Data section —
__________________________________________________
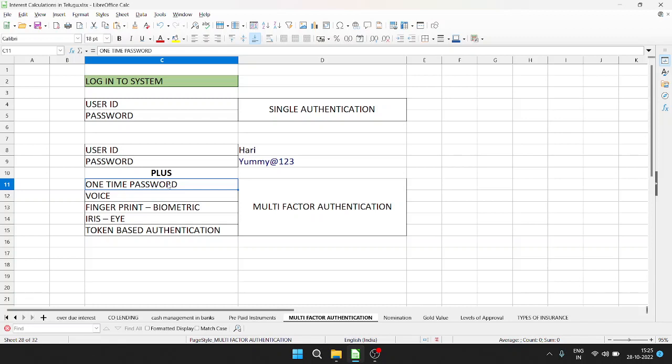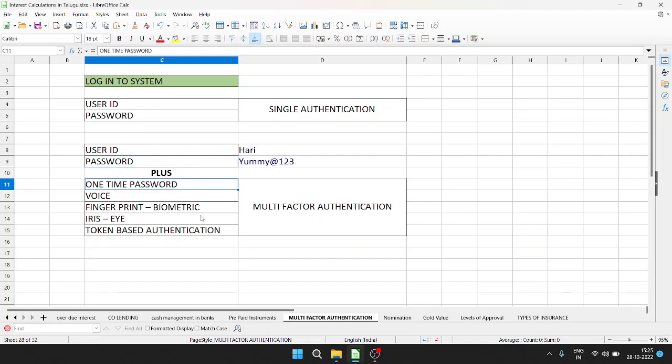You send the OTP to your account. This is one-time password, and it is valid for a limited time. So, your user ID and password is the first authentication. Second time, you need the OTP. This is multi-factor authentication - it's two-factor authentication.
__________________________________________________
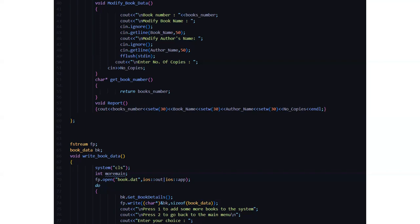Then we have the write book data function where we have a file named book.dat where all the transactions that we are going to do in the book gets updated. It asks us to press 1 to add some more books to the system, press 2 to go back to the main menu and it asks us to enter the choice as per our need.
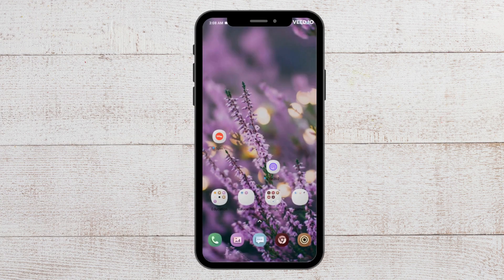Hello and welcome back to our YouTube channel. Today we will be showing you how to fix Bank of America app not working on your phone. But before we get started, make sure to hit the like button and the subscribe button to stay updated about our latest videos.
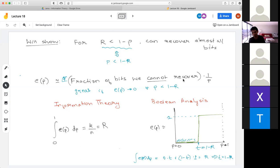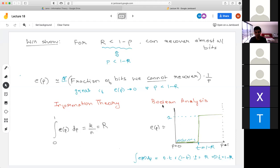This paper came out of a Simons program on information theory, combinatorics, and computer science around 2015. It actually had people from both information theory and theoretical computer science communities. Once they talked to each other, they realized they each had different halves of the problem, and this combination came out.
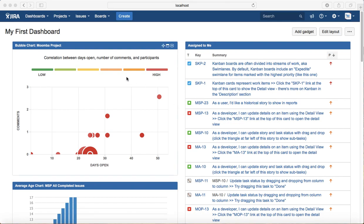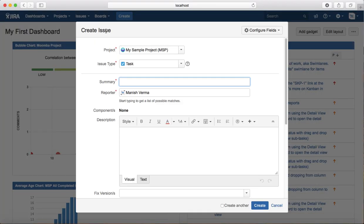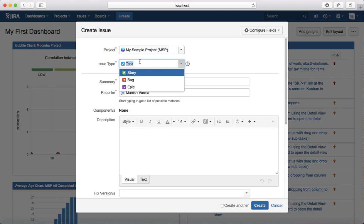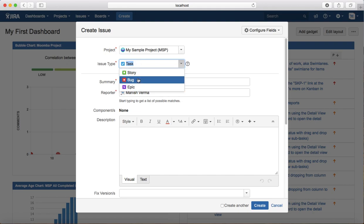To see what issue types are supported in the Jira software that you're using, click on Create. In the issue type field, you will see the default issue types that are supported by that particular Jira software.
__________________________________________________
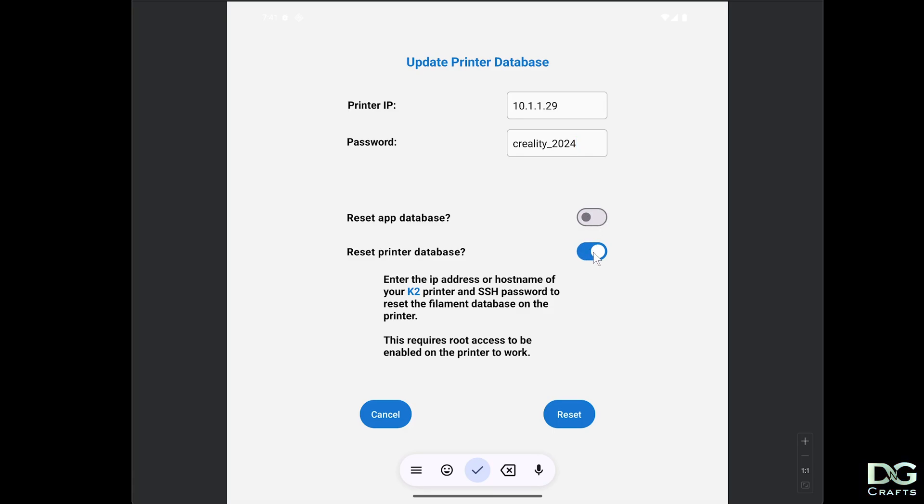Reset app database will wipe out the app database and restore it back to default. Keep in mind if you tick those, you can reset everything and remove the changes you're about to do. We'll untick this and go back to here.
__________________________________________________
To do — In the records above, everything from the line with "Then we have" down to the line with "To see what" is to be set down exactly, both ends included, with no pictures and no other lines.

Answer —
Then we have the write book data function where we have a file named book.dat where all the transactions that we are going to do in the book gets updated. It asks us to press 1 to add some more books to the system, press 2 to go back to the main menu and it asks us to enter the choice as per our need.
Hello and welcome back to our YouTube channel. Today we will be showing you how to fix Bank of America app not working on your phone. But before we get started, make sure to hit the like button and the subscribe button to stay updated about our latest videos.
This paper came out of a Simons program on information theory, combinatorics, and computer science around 2015. It actually had people from both information theory and theoretical computer science communities. Once they talked to each other, they realized they each had different halves of the problem, and this combination came out.
To see what issue types are supported in the Jira software that you're using, click on Create. In the issue type field, you will see the default issue types that are supported by that particular Jira software.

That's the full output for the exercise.